-- What this task involves --
Below are several entries. Transcribe exactly those lines that fall from the one with "Lux And Makeup" through the one with "Vintage Scandinavian Mid", end lines included.

-- Records supplied --
******

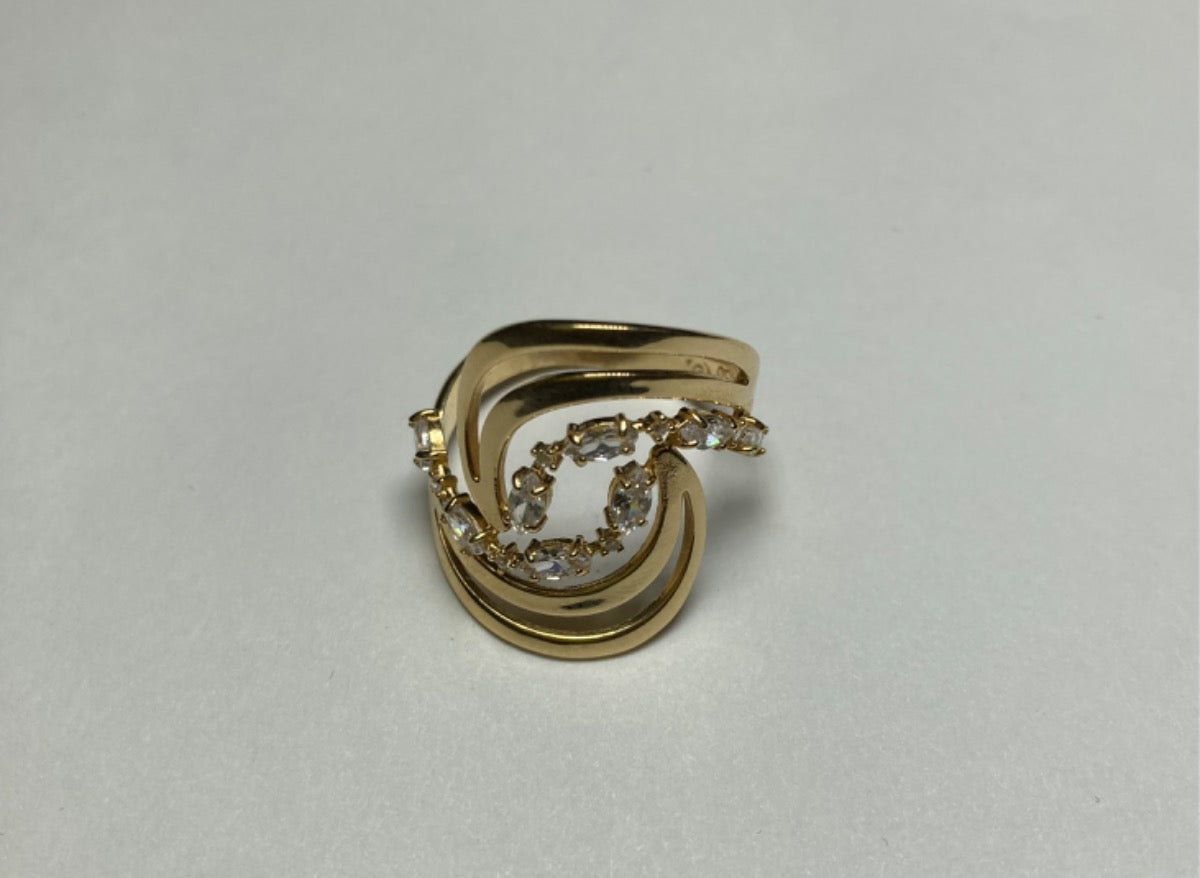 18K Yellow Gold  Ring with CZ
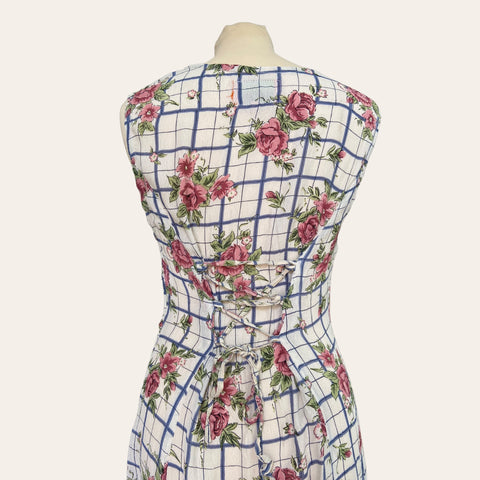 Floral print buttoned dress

******

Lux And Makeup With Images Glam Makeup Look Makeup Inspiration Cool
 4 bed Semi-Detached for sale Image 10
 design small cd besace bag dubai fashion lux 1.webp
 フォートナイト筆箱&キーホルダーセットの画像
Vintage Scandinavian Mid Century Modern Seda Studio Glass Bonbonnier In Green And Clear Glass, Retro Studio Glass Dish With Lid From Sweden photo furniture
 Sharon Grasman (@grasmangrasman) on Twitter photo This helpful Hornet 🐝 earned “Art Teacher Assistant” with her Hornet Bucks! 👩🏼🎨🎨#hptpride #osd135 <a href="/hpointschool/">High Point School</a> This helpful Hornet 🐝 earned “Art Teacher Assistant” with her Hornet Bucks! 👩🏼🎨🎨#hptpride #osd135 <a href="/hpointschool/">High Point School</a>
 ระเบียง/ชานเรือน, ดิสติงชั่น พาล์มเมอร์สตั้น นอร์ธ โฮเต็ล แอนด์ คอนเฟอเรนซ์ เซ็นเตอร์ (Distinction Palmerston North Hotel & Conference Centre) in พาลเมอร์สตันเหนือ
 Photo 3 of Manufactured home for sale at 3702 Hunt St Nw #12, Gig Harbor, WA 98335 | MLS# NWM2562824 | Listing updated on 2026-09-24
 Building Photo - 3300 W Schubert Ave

******

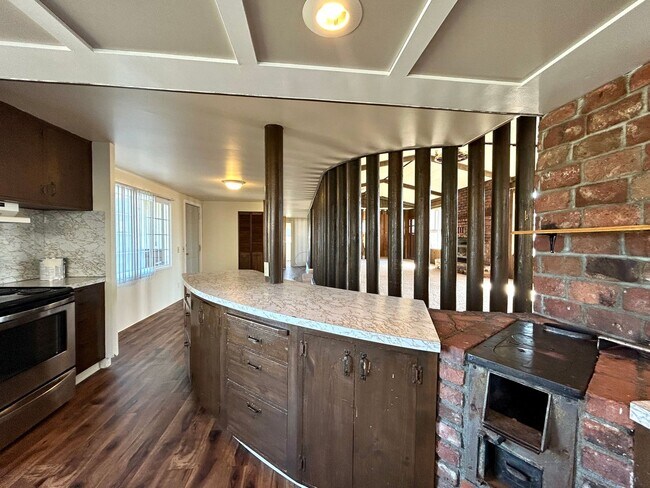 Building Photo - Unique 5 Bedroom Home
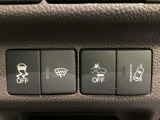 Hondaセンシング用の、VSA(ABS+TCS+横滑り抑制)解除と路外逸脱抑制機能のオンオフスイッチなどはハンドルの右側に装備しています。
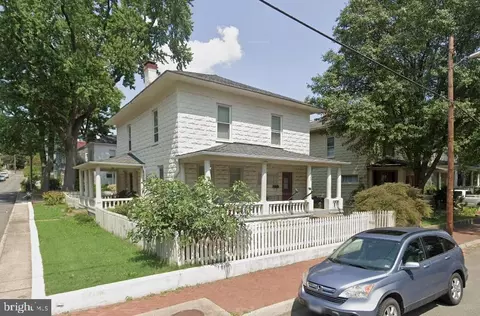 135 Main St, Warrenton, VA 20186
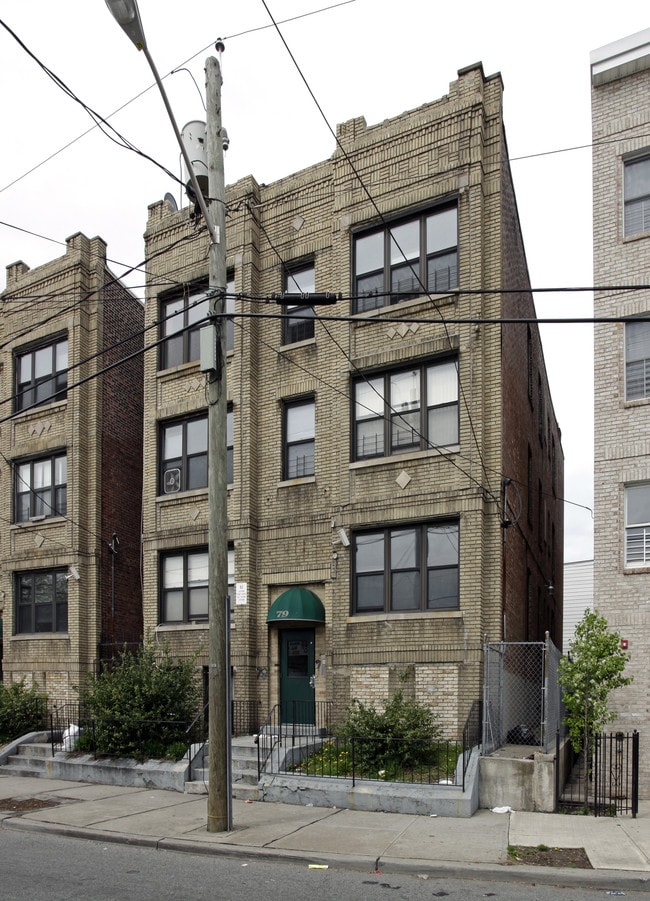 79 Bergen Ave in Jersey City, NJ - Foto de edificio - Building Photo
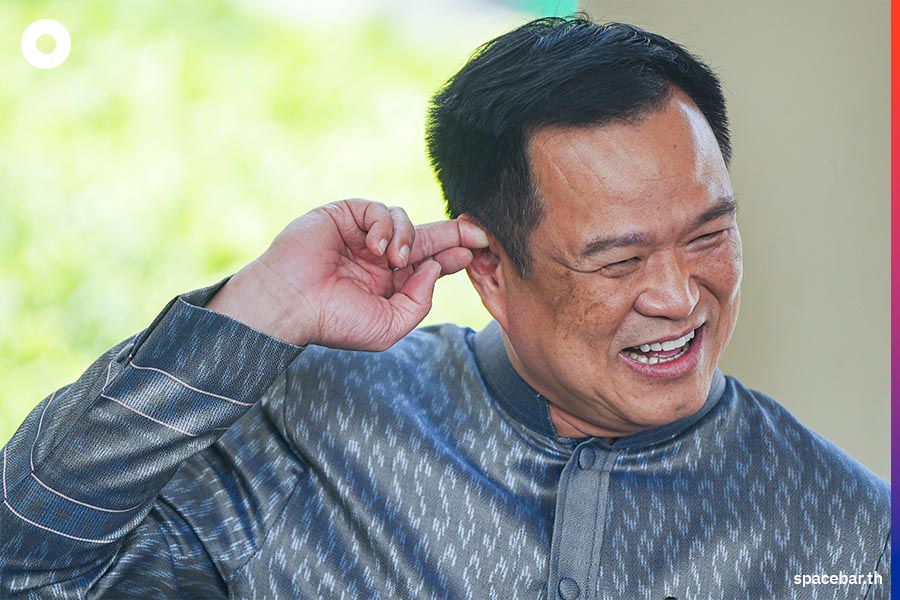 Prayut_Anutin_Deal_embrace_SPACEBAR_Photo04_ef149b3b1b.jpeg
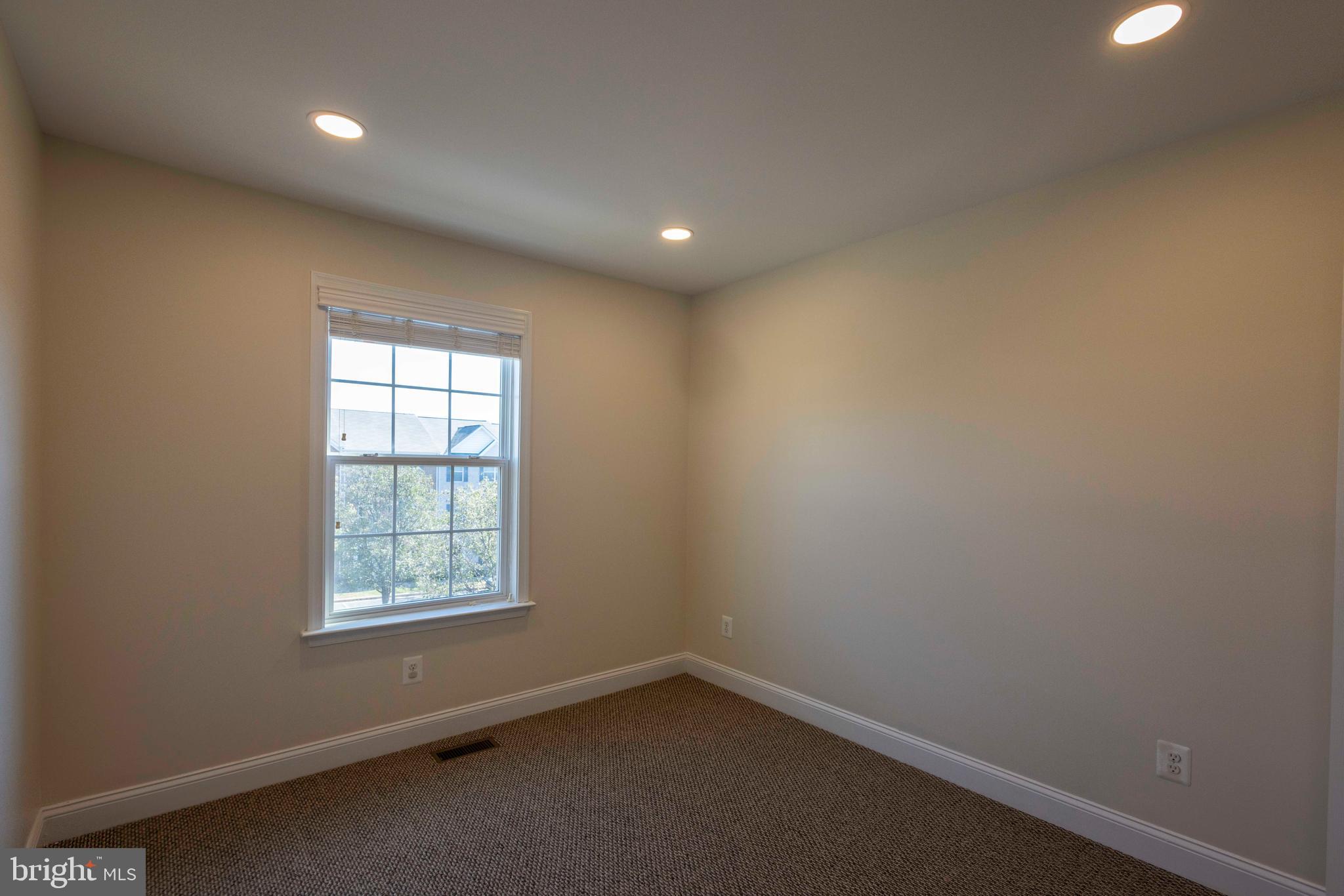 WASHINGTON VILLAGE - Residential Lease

******

-- Result --
Lux And Makeup With Images Glam Makeup Look Makeup Inspiration Cool
 4 bed Semi-Detached for sale Image 10
 design small cd besace bag dubai fashion lux 1.webp
 フォートナイト筆箱&キーホルダーセットの画像
Vintage Scandinavian Mid Century Modern Seda Studio Glass Bonbonnier In Green And Clear Glass, Retro Studio Glass Dish With Lid From Sweden photo furniture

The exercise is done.